RSA’s (IMHO) cowardly silence has actually damaged their customers in highly spectacular fashion. RSA told us nothing, so we couldn’t ask our clients to change vendors in a staged way, or to disable access, or put in other controls. We could guess, but business decisions are not made that way.
Now the brand damage to RSA will truly begin. This is the end of the simple RSA fob. Even if a better algoritm or fob is used, RSA are toast as no one will trust them any more, particularly in the sort of organizations that buy fobs by the palette.
APT boosters have said vociferously – “see, it was APT!”. Yep, I agree. It’s one of the few times that truly worthy attacks are out in the open enough for us to get a small glimpse into what’s really going on.
Unfortunately, due to widespread abuse of the term, APT is the laughing stock of the information security world. The folks who routinely use it with knowledge can’t discuss why APT is any different to the other threats out there today. Everyone else has no clue.

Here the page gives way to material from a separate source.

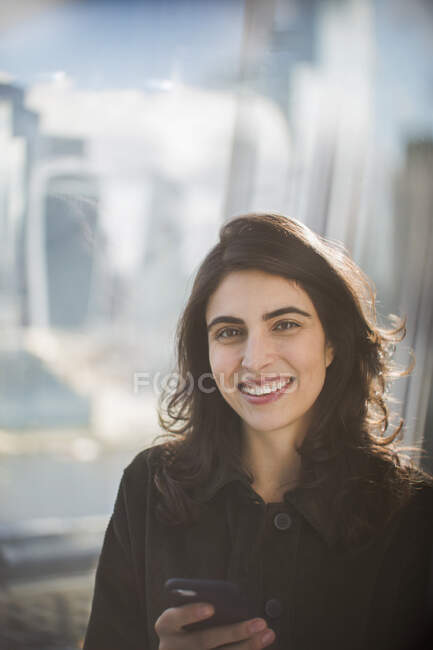 Portrait confident smiling businesswoman with smart phone — Stock Photo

I’ve seen CSOs give up, thinking that since these attackers are so advanced, surely we can’t protect against them, or they buy stuff marked “Solves APT TODAY!1!” when in fact, hard work is required. Nothing very hard, just simple stuff like input validating every field and not tolerating insecure software any more.
But for your average CSO, finding out if an application was developed in a secure fashion and that every parameter is validated is impossible. It shouldn’t be. But that’s not the main point of today’s post.

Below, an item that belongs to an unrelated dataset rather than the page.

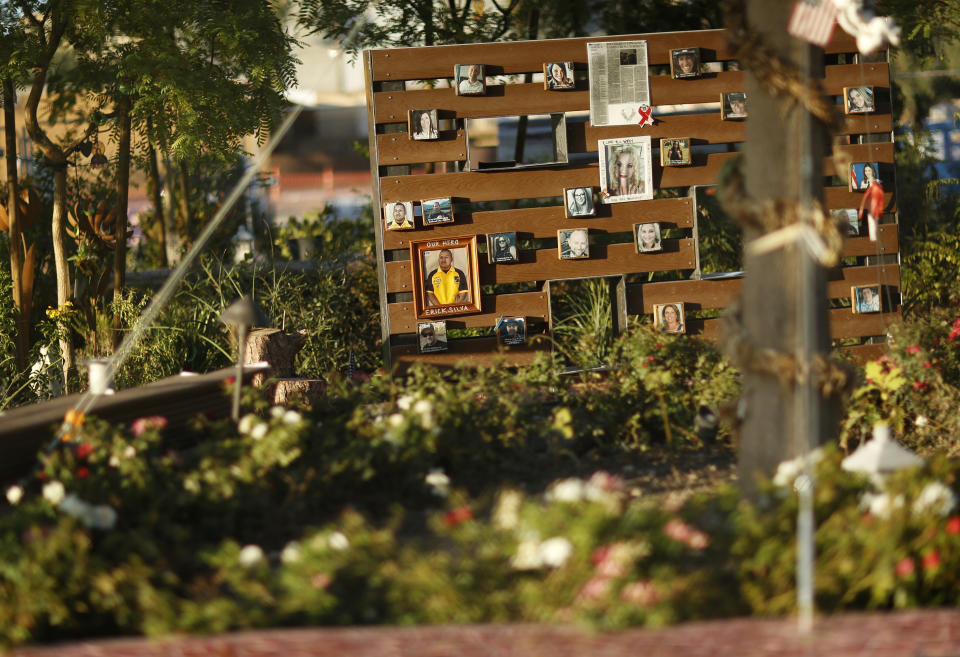 In this Friday, Sept. 21, 2018, photo, a photo of Las Vegas shooting victim Erick Silva, center, hangs on a wall at a memorial garden under construction in Las Vegas. The small garden is home to photos, crosses, ribbons and dozens of other items placed in memory of the 58 people who were killed on Oct. 1, 2017, in the deadliest mass shooting in modern U.S. history. For their families and those who survived the massacre at a country music festival, this garden created by volunteers in the days that followed is a place to mourn and heal. (AP Photo/John Locher)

It’s moderately clear in the fog of active disinformation that the weaknesses used in the RSA, Sony, and PBS hacks are well known and easily exploitable. The solution is like losing weight. There is a simple solution that works – albeit slowly. It’s called eating the right amounts of good food for a year or two and exercising hard every day. Anyone who has tried to lose weight, including myself, knows that we really just want an APT strength diet pill.
I think most of us in our industry will acknowledge that penetration testing has become “different” over the last few years, from literally shooting fish in a barell with the most rudimentary or no tools, to requiring a fair bit of work, and moving up the value chain to find interesting and exploitable issues the business cares about.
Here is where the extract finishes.